I'm getting ready to cut the sides out but I can't figure from the dimentions of the plans how to make the aviary sides?


----------



## Guest (Nov 4, 2010)

raftree3 said:


> I'm getting ready to cut the sides out but I can't figure from the dimentions of the plans how to make the aviary sides?


well Im guessing it all depends on the angle of your roof and how it comes down ,on the plans it states it stems from the top of the roof and angle down to where it ends 60 inches from the top http://www.redroselofts.com/step_2.htm


----------



## calzephyr (Dec 22, 2009)

Raftree - Here's how I figured it. I had my son use his algebra, which says if you have a right triangle (the aviary side), then the length of one side (60") squared, plus the length of the second side (36") squared = the length of the third side squared. 

So, when you do the math, the length of the aviary side that is flush against the loft (the redrose plans don't show this length) is 48" + the 4" tab on the front = 52".

The plans make it look like you can cut two aviary sides out of one piece of 4 x 8 plywood, but since the long side is over 4 feet and the angled side is 60"(5 feet), it's hard to get two out of one 4 X 8.
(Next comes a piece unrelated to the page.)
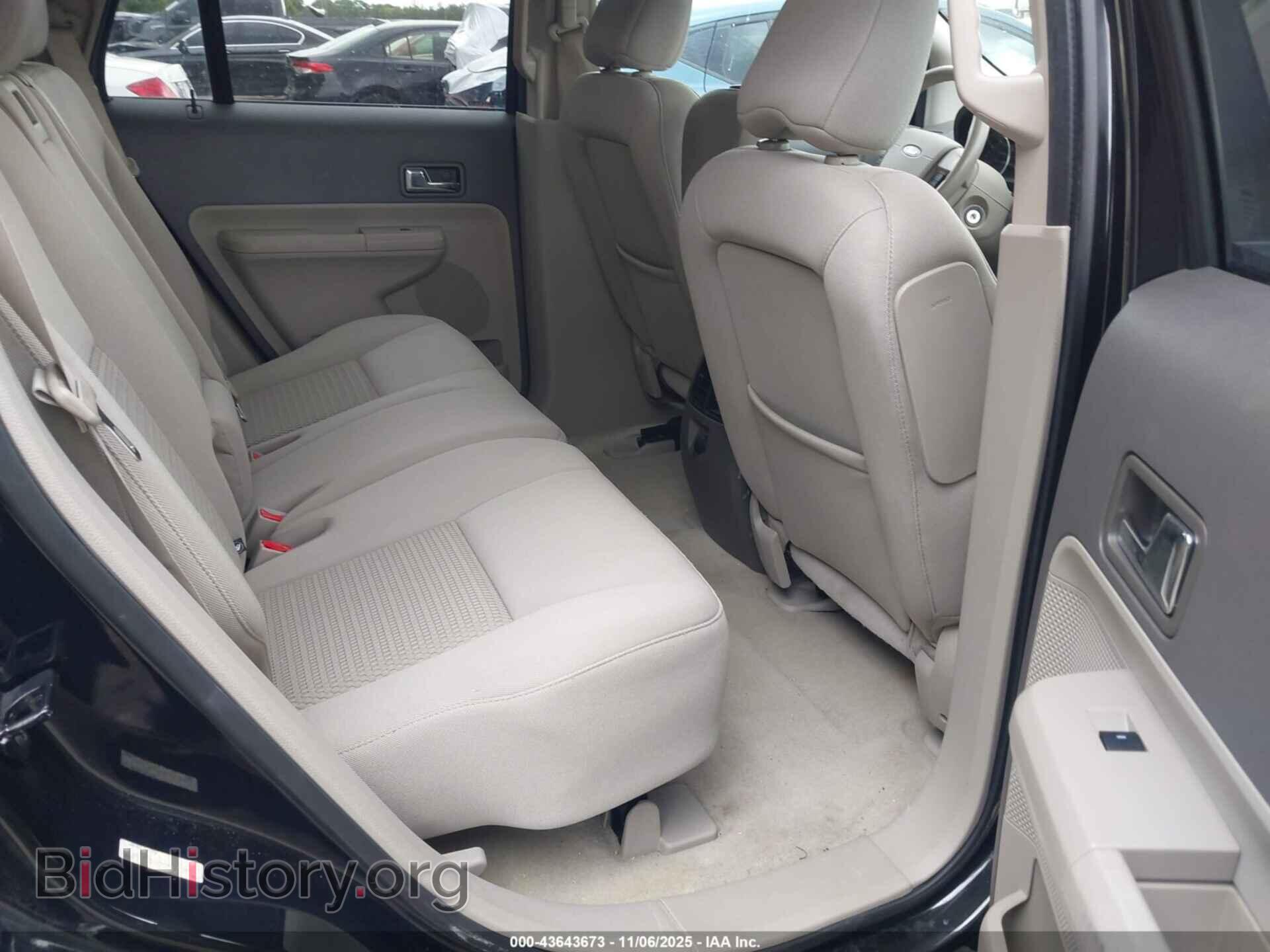 2010 FORD EDGE - VIN: 2FMDK3GC6ABB18885 - Фото 8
It helps to fill in the plan measurements that are missing on the main part of the redrose plan drawings.

1) First, remember your large piece, the main side of the loft, is NOT 4 x 8 ft....it is 47" x 96".

2) So the upper right corner shows it is 36" to the peak, which means the other side of the peak is 11". (36" + 11" = 47")
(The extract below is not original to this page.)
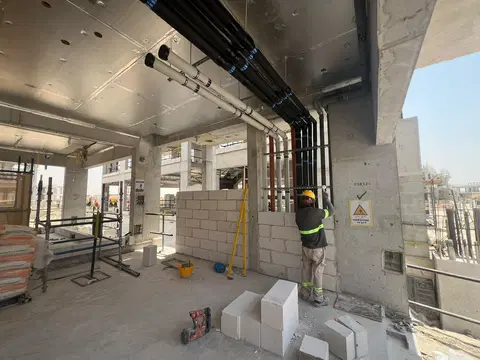 Elwood Estates, Sobha Elwood construction progress — 20 July 2026, 14.35% complete, photo 9 of 10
3) Going down from the right corner, the back of the loft is 82" so the remaining length is 14" (82" + 14" = 96")

4) The drawings show that the front of the loft and the back of the loft are the same height, so that means that the little triangle that gets cut off the upper left of the loft side is 11" x 14". (see #2 above on how I got the 11")

5) We know the aviary side that butts against the loft is 52" and the length above it is 14" (same as the back), so that means the bottom of the aviary is 30" off the ground (96" - 52" - 14" = 30)
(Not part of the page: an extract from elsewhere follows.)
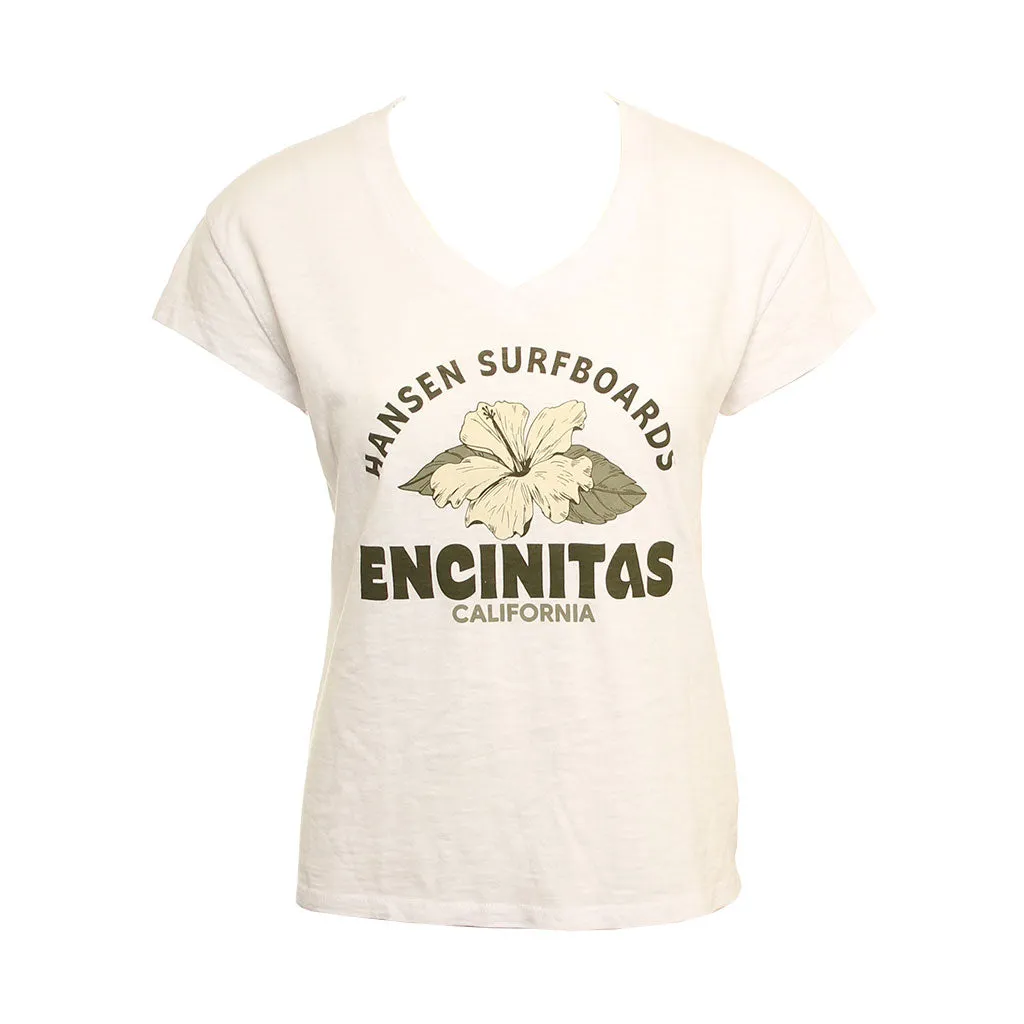 Active Lifestyle Hansen Womens Shirt Wishful VNeck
Hope some of this makes sense. It helps if you look at the plans while you read this. I just finished building one so I know what you're going through. Let me know if you have any more questions and I'll try to confuse you the best I can 

If I've made any mistakes here someone chime in and correct me.

-Cal


----------



## raftree3 (Oct 16, 2010)

Thanks ! I managed to figure it out, wish I had your advice a little sooner. I'm still puzzled by the roof. I'm concerned about rain and snow using their design.


----------



## crosbeem (Sep 20, 2010)

*Protractor*

Given that the drawings are scaled correctly why not use a protractor.


----------